Stored data:

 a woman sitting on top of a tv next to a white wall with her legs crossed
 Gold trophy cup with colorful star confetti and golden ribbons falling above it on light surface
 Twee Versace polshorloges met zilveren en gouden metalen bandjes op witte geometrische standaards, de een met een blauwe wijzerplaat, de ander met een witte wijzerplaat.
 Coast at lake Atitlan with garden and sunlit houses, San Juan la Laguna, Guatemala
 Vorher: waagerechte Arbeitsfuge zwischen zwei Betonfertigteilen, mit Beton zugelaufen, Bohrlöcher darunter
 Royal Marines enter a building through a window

* _TASK BRIEF_
Every line from the data above that contains "with" must appear in the answer.

* _TASK RESULT_
 a woman sitting on top of a tv next to a white wall with her legs crossed
 Gold trophy cup with colorful star confetti and golden ribbons falling above it on light surface
 Coast at lake Atitlan with garden and sunlit houses, San Juan la Laguna, Guatemala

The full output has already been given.